Bulbs are classified in two main categories: tender bulbs and hardy bulbs. Hardy bulbs are more tolerant of the cold and can be planted outdoors and even winter in the ground in many regions of the United States. Tender bulbs, however, are more sensitive to cool temperatures and are often grown as potted plants so that they can be taken indoors when temperatures drop. Both plants can easily be grown in pots. But keep in mind that bulbs grown in pots must be watered more frequently than bulbs grown in the ground.
Water your bulbs thoroughly immediately after you plant them in their pots--until water drips out of the drainage holes in the bottom of the pot.
Check the moisture level in the soil twice daily until you get a feel for your potted bulb's year-round water needs. Don't just eyeball it. Soil that is dry on the very top may be moist just beneath the surface. To get an accurate measure of the soil level, stick your finger or some other implement into the soil to determine to what depth the soil is dry.
Water your bulb whenever the top few inches (or top third of the pot) dry out. Use your watering can to water the soil until water drips out of the drainage holes in the bottom of the pot.
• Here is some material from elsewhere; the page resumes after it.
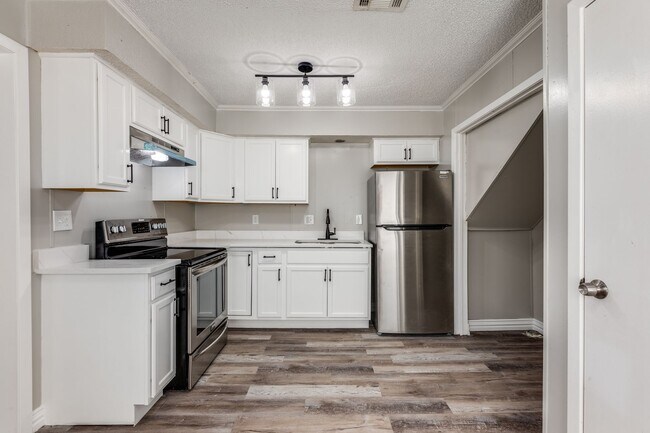 Building Photo - 228-232 Alexandria St Duplex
Stop watering bulbs that will be overwintered indoors as soon as the first frost approaches. Store them in a cool (40 to 50 degrees Fahrenheit) dark place for two to three months. Do not return them outdoors or begin watering them again until new buds begin to emerge.
Submerge the pot in water if the soil is completely dried out. Plug the drain in your sink and place the potted plant in the sink. Fill the sink with water until it reaches at least halfway up the pot. Allow the soil to soak up water through the drainage holes in the bottom of the pot until the surface of the soil is moist to the touch. Drain the water from the sink and allow the water to drain out of the pot for roughly one hour.